David Brower, teacher, 1912-2000
tom turner / sfbg.com 8nov00
I'M WRITING THIS on the eve of the election, which etches some outlines around the words. Tomorrow we will anoint Al Gore or Dubya Bush our next president. Clarion calls emanate from many quarters: A vote for Nader is a vote for Bush.
Dave Brower's house up the hill sports a sign in the window urging a vote for Nader, as former Nader Raiders counsel the holding of noses and a vote for Al. It is a difficult, but maybe fitting end to the man who has spent much of his life fighting to force the environmental movement to hew faithfully to the righteous line inscribed for it by Henry David Thoreau, John Muir, and far too few others.

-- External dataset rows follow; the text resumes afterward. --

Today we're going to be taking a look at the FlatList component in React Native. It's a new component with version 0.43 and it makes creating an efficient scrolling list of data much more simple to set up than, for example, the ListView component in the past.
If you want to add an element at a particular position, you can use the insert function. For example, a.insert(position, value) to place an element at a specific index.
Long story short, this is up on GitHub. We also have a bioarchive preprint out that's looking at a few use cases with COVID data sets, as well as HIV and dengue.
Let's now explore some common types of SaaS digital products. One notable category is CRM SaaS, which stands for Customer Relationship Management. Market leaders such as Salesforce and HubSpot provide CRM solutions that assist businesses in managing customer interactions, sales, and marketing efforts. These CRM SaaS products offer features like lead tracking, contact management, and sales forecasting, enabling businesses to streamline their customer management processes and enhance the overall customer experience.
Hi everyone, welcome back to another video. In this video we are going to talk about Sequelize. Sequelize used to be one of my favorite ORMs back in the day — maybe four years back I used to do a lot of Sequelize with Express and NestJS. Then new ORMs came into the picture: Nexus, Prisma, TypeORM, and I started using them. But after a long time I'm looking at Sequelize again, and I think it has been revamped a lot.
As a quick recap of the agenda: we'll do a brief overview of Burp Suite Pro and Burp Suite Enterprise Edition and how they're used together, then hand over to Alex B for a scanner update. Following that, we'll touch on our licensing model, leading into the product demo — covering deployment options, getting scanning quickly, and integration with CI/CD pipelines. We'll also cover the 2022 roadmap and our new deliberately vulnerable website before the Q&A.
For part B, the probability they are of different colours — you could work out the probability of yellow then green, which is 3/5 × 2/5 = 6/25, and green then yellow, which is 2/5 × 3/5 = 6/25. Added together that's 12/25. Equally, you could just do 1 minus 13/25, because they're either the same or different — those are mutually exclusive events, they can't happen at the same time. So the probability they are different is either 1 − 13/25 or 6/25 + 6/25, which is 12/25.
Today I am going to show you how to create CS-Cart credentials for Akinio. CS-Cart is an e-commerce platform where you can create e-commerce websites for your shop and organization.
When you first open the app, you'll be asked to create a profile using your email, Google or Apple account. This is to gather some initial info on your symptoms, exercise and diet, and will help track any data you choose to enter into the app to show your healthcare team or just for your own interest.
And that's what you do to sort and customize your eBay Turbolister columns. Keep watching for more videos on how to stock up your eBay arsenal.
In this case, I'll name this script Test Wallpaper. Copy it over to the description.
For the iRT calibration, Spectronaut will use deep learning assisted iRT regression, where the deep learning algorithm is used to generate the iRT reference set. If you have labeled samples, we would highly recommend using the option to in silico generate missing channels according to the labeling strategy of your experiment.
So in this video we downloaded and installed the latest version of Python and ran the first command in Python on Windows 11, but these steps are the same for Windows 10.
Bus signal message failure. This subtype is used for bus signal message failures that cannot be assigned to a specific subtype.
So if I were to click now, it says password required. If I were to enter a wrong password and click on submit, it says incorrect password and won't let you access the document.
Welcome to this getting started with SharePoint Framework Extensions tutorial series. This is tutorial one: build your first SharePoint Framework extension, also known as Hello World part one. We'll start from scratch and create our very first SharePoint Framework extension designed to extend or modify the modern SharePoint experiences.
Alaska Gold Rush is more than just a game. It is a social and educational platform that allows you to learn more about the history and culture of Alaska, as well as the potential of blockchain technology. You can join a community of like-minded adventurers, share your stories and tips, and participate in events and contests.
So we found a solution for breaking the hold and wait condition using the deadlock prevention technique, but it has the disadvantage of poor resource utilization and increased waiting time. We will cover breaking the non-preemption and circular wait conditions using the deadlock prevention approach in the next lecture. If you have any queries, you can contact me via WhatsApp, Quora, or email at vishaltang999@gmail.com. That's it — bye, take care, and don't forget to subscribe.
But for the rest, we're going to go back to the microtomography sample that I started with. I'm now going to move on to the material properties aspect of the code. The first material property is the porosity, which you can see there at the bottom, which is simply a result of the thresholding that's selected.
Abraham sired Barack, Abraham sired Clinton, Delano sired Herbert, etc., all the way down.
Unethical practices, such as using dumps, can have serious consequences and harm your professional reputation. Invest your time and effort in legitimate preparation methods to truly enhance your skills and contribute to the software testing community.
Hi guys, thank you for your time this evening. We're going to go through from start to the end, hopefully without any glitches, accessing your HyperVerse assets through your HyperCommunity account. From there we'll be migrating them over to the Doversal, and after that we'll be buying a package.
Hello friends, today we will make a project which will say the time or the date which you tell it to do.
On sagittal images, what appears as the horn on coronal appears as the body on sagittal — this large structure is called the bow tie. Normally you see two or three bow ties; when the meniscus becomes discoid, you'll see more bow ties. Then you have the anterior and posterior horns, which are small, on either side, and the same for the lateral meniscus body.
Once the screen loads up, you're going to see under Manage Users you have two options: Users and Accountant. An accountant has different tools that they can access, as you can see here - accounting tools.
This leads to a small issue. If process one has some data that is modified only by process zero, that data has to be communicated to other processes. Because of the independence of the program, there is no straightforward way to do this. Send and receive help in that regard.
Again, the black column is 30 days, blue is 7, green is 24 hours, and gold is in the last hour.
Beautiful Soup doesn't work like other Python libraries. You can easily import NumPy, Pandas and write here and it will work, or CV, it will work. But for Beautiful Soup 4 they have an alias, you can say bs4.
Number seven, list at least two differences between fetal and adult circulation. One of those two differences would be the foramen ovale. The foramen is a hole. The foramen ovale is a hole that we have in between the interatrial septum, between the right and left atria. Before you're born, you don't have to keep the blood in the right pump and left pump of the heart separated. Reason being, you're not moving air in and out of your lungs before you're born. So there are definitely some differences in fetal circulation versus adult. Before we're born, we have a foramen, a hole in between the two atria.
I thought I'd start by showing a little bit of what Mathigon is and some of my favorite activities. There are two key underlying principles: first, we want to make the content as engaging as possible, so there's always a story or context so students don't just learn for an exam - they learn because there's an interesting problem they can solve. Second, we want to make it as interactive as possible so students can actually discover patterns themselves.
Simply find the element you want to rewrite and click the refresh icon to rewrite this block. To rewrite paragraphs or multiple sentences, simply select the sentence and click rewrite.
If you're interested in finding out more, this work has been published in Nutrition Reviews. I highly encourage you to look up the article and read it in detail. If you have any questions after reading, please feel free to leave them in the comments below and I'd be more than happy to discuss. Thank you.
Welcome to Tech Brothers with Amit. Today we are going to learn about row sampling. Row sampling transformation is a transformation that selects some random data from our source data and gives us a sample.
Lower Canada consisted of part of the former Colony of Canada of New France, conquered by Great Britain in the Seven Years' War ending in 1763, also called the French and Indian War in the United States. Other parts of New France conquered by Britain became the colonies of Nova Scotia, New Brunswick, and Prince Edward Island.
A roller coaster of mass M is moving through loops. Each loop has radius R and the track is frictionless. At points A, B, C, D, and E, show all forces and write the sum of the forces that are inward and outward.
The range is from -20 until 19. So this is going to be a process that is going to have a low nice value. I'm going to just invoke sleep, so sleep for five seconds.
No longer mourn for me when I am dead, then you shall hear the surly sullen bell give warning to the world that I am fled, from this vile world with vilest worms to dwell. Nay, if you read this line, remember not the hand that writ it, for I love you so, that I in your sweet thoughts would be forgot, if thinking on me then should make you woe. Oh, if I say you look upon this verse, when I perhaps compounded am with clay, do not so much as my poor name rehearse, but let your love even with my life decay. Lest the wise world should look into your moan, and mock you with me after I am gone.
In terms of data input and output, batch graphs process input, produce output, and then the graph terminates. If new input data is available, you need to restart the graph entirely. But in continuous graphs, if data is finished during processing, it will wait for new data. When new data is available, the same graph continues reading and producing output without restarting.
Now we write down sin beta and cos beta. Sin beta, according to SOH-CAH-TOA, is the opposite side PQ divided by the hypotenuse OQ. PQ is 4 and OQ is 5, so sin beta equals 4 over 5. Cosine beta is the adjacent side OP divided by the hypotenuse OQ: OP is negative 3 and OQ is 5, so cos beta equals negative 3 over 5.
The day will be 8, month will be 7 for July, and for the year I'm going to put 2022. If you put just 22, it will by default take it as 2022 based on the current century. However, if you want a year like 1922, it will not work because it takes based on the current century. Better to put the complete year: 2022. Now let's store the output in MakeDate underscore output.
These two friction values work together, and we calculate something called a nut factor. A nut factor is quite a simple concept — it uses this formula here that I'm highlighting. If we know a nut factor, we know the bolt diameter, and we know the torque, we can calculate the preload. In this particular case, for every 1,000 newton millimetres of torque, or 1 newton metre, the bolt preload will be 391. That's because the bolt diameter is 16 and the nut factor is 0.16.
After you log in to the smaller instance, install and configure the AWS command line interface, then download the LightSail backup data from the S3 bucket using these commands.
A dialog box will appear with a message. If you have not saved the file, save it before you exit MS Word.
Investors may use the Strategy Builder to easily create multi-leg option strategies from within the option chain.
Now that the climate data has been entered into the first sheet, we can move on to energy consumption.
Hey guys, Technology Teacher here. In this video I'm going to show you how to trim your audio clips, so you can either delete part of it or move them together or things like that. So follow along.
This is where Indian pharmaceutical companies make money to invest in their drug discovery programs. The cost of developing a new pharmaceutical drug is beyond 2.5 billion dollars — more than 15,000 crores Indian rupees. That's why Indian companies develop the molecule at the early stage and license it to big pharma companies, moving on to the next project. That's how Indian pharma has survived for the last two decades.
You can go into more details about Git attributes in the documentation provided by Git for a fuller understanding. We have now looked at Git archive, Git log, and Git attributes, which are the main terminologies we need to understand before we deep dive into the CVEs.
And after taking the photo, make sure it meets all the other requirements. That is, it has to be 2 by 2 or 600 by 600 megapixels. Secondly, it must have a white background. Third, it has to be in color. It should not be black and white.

Dave had a lifelong and mercurial affiliation with the environmental movement, most profoundly with the Sierra Club. He joined in 1933, was hired as its first executive director in 1952, was forced to resign in 1969, was elected to its board three times and resigned in protest more than once, most recently this past spring. Each defection was prompted by his sense that the club was becoming too close to the power structure, too willing to compromise. One of his recurrent themes was that it is not the place of the environmental movement to compromise; that's what we hire politicians for. We partisans, who would advocate the preservation of wilderness and a living ecosystem for all, must remain steadfast.
I worked with him for 30 years and counting. I won't stop. I began in 1968, at the club, and got fired for my loyalty, one of my proudest achievements. I was interviewed for a news broadcast on Channel 4 Monday afternoon, and I was most happy with one comment that didn't make it on the air:
But for Dave Brower, I wouldn't be where I am now, doing what I'm doing, and I know that there are thousands of people who could, and will, say the same thing. His formal resume may not include "teacher," but he was one of the very best. We miss him already.
Thanks, Dave, for everything.
Tom Turner is senior editor of the Earthjustice Legal Defense Fund. Plans for a memorial for Brower are pending.